IN the case of German sports expert Hans-Peter Thumm, who is back in Malaysia for the third time, absence has not made the heart grow fonder as far as his programmes are concerned.
Instead, it has made Thumm's coaching plans flounder.
Back after a seven-year absence, he has found out that the Level One coaching programme that he did with the Malaysia Amateur Athletic Union (MAAU) and the National Sports Council (NSC) previously and the talent identification model that he did for the NSC with budding athletes in Sabah and Penang in 1997 have not been followed up.
Thumm developed the NSC-MAAU Level One coaching programme during his stint here from 1989 to 1990 under the sports specific section of the National Coaching Accreditation Scheme.
“The Level One programme, which was approved by the National Coaching Board and the MAAU, had produced 120 coaches in one year as a result of four separate courses conducted.
“In addition, experienced local coaches took charge and lectured in the fifth course held in Kota Baru. National chief coach Hanapiah Nasir was one of the lecturers then.
”The 16-day course focused on seven events (sprints, relay, low hurdles, middle distances, shot put, high jump and long jump). At least two days were allocated for each event.
“Participants had to go through a tough theoretical and practical evaluation and a closed book examination. The coaches had to know their stuff at their fingertips.”
The comprehensive Malaysian syllabus was supposed to be used an example for the rest of the world to follow.
“However, the MAAU adopted the broader IAAF-programme in 1993 without realising that they had chucked a quality programme down the drain.
“Now, after 12 years, what they have done is reflected by the low number of quality athletes in the country.”
Thumm maintained that the MAAU should have stuck to the NSC-MAAU Level One coaching programme that had a quality syllabus.
“Common sense will tell you that no coach in the world is able to develop a good athlete after receiving just only three hours of knowledge for each event.
“Today, the IAAF have produced about 10,000 IAAF Level One coaches around the world. But only a maximum of 35-40 % of them are contributing to athletics especially in less developed countries where equipment are lacking.
“So far, many coaches have not been given a chance to attend the IAAF Level Two programme, which was promised when the system began. The IAAF Level Three programme has not been created.
“If the MAAU had stuck to the programme that we had created with the NSC, Malaysian coaches would have reached Level Three by today.”

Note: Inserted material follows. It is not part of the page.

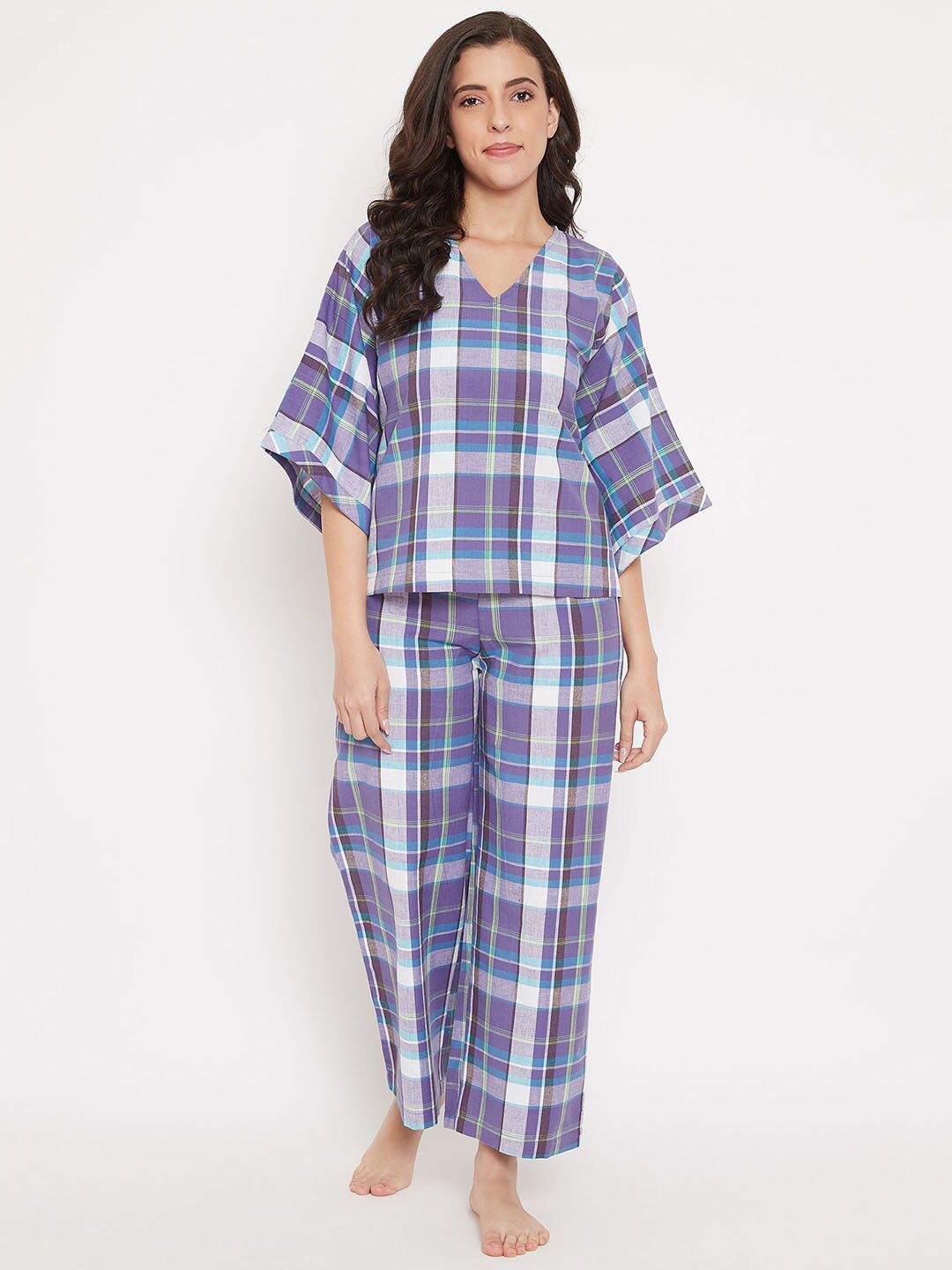 

The Kaftan Company Women Purple & White Checked Night suit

In his latest return to Malaysia, Thumm, who is still serving the National Olympic Committee and Ministry of Foreign Affairs in Germany, will work as a consultant to assist the NSC in talent identification and multi-lateral training.
”I am here to help Malaysian sports by contributing my experience in high performance and physical education development,” he added.
“At the moment, there seems to be some confusion surrounding the talent identification programmes. This matter has to be treated with care as the future of sport of the entire nation is at stake.
“One of the reasons I am here is because Germany has a long relationship with Malaysia especially in athletics.
”Malaysian athletes like Marina Chin, Ishtiaq Mobarak, Gladys Chai and others have trained with us. A number of coaches have graduated from our athletics programme in Mainz.
”Former jumper Zaki Sadri, hurdler Nur Herman Majid, high jumper Loo Kum Zee and sprinter G. Shanti have trained and competed in our country. Currently, Malaysia's best women's 400m hurdler Noraseela Khalid is training in Leipzig.”
Thumm said he would submit a detailed report of his findings to the Youth and Sports Ministry, Education Ministry and the NSC.
The report will give details and evidence regarding the strengths and weaknesses of the existing programmes.
”After the authorities get this 'first-hand information’, they can then decide on the course of action to take.
“In the future, it is my sincere wish that Malaysia would become less dependent on foreign assistance.
“While Malaysia has made great strides in all the other sectors, including industry, trade, infrastructure, banking, tourism and healthcare, the development of sports in this country is still lacking behind,” he added.
|FACT FILE |
Hometown: Stuttgart, Germany
Occupation: Sports consultant Qualifications: Diploma Coach/Masters in Physical Education (German High School of Sports, Cologne)
- International Handball Federation (IHF) teaching staff
- IAAF lecturer
- German national athletic coach (1984-1988)
- 25 short-term (three to six weeks) projects (coaching courses, seminars, coaching clinics, evaluation, prepare top athletes for major Games and consultations) in 25 countries around Africa, Asia and South America.
- 5 long-term (two to five years) projects to implement coaching structures, set up sports institutes, talent identification system and competition structures.